Они долго взволнованно говорили, в неутолимом желании все сказать, о радости зарождавшейся любви, о новых планах, о будущем счастье...
Черная, непроницаемая тьма лежала вокруг снаряда.
— Никита, — нерешительно прошептала Малевская, — надо итти.
— Да, Ниночка, — с усилием ответил Мареев.
— Никита... Я теперь останусь? Правда?
Мареев покачал головой.
— Нет, Нина, — сказал он тихо и твердо, — ты отправишься с Володей. Иди, не беспокойся обо мне. Я твердо убежден, что все кончится благополучно. Бурильщики во-время доберутся до снаряда... подадут нам кислород... Мы дождемся окончания шахты и выберемся отсюда... Это будет, Нина! Иди и жди меня!..
ГЛАВА ДВАДЦАТЬ ПЯТАЯ. ВОЛОДЯ ПЛАТИТ ПО СТАРЫМ ДОЛГАМ
Понадобилось больше четырех часов, чтобы вывести торпеду из снаряда и направить ее вверх точно по вертикали.
Лишь теперь, после окончания взволнованных сборов, последних тяжелых минут прощания, напряженной работы в торпеде, Малевская и Володя смогли подумать об отдыхе. Впрочем, вопрос об отдыхе, повидимому, меньше всего интересовал Володю. Он был взбудоражен, его голос звенел, щеки пылали, радостно сверкали глаза.
— Ну, Нина, ты теперь садись на скамеечку и отдыхай, а я на этих пакетах устроюсь. Хорошо?.. Я сейчас достану тебе чего-нибудь поесть... Бульону хочешь? Или какао?
Он чувствовал себя в торпеде по-хозяйски, свободно, заботливо ухаживал за Малевской, стараясь помочь ей в необычной для нее обстановке. Все было ему здесь знакомо и близко.
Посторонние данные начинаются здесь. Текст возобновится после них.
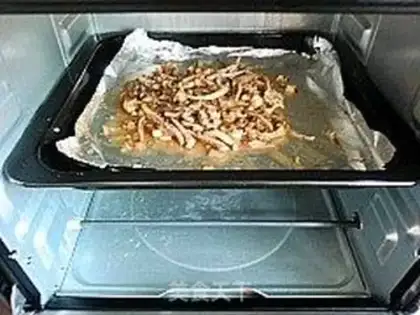 Make step 10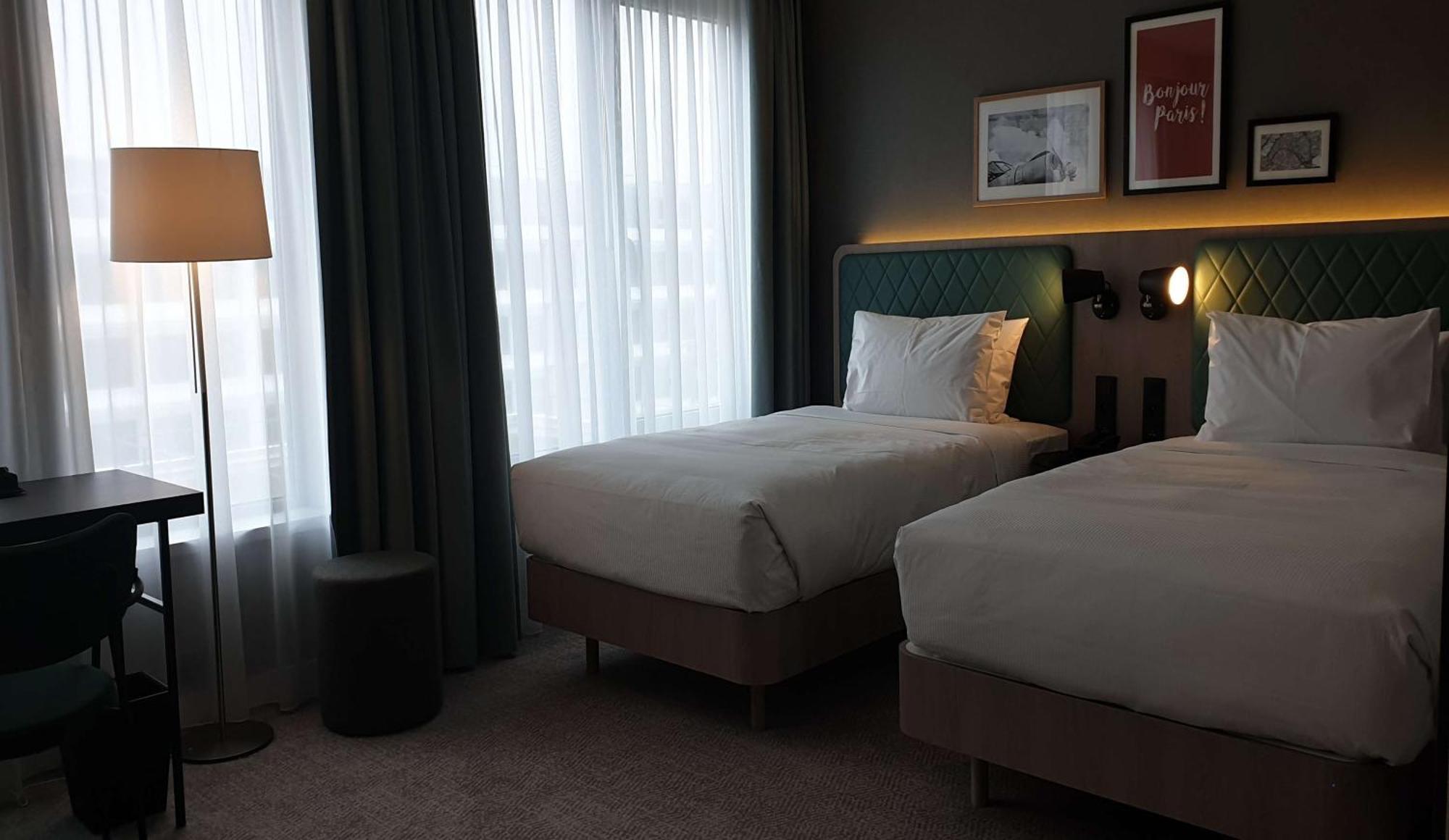 Hilton Garden Inn Paris Orly Airport Rungis Exterior photo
После памятного путешествия в торпеде с Брусковым нынешний рейс казался ему совсем не сложным.
Тепло, по-родному гудели моторы, тихо скрежетали буровые ножи и коронка, за стенкой уютно шуршала размельченная порода, спускаясь по виткам архимедова винта вниз, под могучие колонны давления...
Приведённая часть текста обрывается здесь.